═════ Data segment ═════

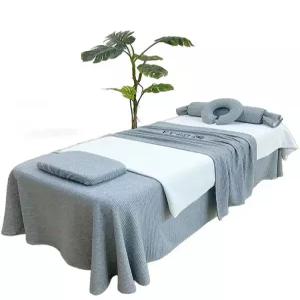 마사지 피부 덮개 관리샵 침대 베드 미용 커버 세트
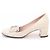 Gucci Décolleté Crystal GG Bianco
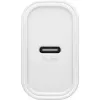 Wall charger OTTERBOX 30W USB-C PD White — 30W output, single USB‑C port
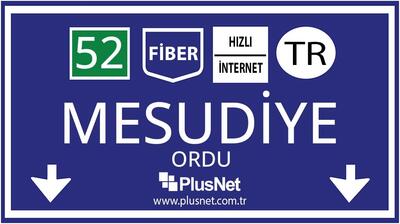 Ordu / Mesudiye Taahhütsüz İnternet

═════

• [Brief]:
None of the pictures should appear, though every line of the data above must be reproduced exactly.

• [Exercise response]:
 마사지 피부 덮개 관리샵 침대 베드 미용 커버 세트
 Gucci Décolleté Crystal GG Bianco
 Wall charger OTTERBOX 30W USB-C PD White — 30W output, single USB‑C port
 Ordu / Mesudiye Taahhütsüz İnternet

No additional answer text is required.